L’ensemble de ces mesures, bien qu’insuffisantes, constitue des avancées que le groupe Écologiste – Solidarité et Territoires salue.
Exonérer de charges sociales, à hauteur de 10 % de leurs bénéfices, les entrepreneurs choisissant l’impôt sur les sociétés peut en revanche susciter la critique : il serait temps de mettre un terme à la tendance consistant à soutenir le pouvoir d’achat en réduisant les ressources de la sécurité sociale et en affaiblissant la solidarité nationale.
Il aurait été plus simple, plus efficace et plus ambitieux de rendre les indemnités chômage universelles, comme l’a promis le Gouvernement. Il aurait également été plus juste de construire la protection sociale des travailleurs des plateformes. En effet, quel est le système mis en place depuis 2018 par le Gouvernement ? Une allocation à destination des travailleurs indépendants en précarité économique, qui, in fine, bénéficie à mille d’entre eux… Avec 3 millions de travailleurs indépendants et seulement 30 000 bénéficiaires, nous atteignons le ratio de 1 % des travailleurs indépendants couverts.

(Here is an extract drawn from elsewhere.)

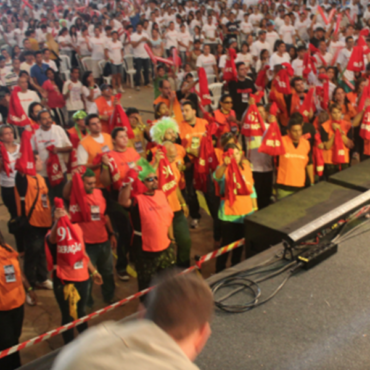cerca-de-10-mil-jovens-se-reunem-para-adorar-a-deus-em-brasilia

Cette disposition est bienvenue – c’est un euphémisme –, puisque 53 % des entreprises individuelles font faillite au bout de cinq ans. Selon la dernière étude de l’Insee, publiée en janvier dernier, plus d’un travailleur indépendant sur dix gagne moins de la moitié d’un SMIC et vit sous le seuil de pauvreté, et plus de quatre sur dix ont des revenus inférieurs au SMIC.
Nous ne nous opposons pas aux évolutions du salariat qui répondent aux nouvelles aspirations de nos concitoyens, notamment de la jeunesse – avoir plus autonomie dans le choix et l’organisation de son travail et de ses horaires, ne pas être en situation de subordination, pouvoir travailler en cohérence avec ses valeurs personnelles plutôt que dans le cadre contraint de l’entreprise –, mais cette présentation idyllique restera illusoire pour la majorité des indépendants si, en parallèle, les pouvoirs publics ne définissent pas un cadre protecteur.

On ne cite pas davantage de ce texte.